If I'm being honest, I'm also a little nervous about keeping up this momentum. So far, raising a son has absolutely everything I could have ever imagined it would be, but we're only just getting started. While you are just five, I am old enough to know what a fine line the world will need you to walk between masculine leadership and thoughtful compassion. I want you to be competitive and strong and confident, but it is even more important for you to be a great husband and father who considers the needs of others before yourself. I don't have the closest relationship with my father or a clear model for the best way to help you as you grow up. You are such an amazing little boy with all the potential in the world, and I guess I am starting to process how great a responsibility I have to help you realize it in a healthy and productive way. I know these things are on my mind because of the current political climate, but I also know that you're only five and don't have to grow up for a little while yet, though you have started getting regular haircuts and are all in on "handsome clothes" for church and big school events.

Speaking of being five, you love Halloween, costumes, and baseball. Oh, how you've fallen in love with baseball. On the last day of preschool, you actually wrote that you wanted to be a professional baseball player when you grow up. You also told your teacher you wanted to be Spider-Man, so I'm taking it with a grain of salt. Anyway, we switched to a more formal tee-ball league with three fields and a concession stand last fall. I was your head coach for the first time this Spring and since the season ended, you have asked to practice almost every single day. You are eager to work on all parts of the game, even though you aren't big enough to confidently swing an aluminum bat and well, aren't bothered by bad reps and you are always thinking about the things we work on, talking about old tips or showing me things during nap times. You also study your baseball cards and the players we watch on TV, which has led to some adorableness, like fashioning an elbow guard for batting, giving high fives to the imaginary dugout after a home run, performing slow-motion replays, and throwing from your knees when you are being the catcher.

Off the field, I'm excited for you to start kindergarten this fall. You really seem to have an aptitude for learning and you pick things up really fast, like basic sight words and addition, and even the concept of negative numbers. One time, you even brought me a book because you wanted to practice reading. Without ever having done it before, you just sort of pieced together letter sounds and kept track of the words you worked out and did an amazing job.

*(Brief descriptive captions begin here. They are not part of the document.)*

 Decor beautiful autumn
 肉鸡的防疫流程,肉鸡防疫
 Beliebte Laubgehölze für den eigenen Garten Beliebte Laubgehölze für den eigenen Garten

I'd be remiss if I didn't mention that you started sharing a room with Ellie this past year, put your hands up on roller coasters at Disney, were obsessed with The Nightmare Before Christmas for a while and saw a lot of cool places on our summer road trip (I'm sure there's a book for that - P.S., your future wife is going to love your mama for doing such an awesome job chronicling how cute you are right now.)

I love you, little buddy, and couldn't be more excited to keep enjoying what we have going on right now. I promise I will always do my best.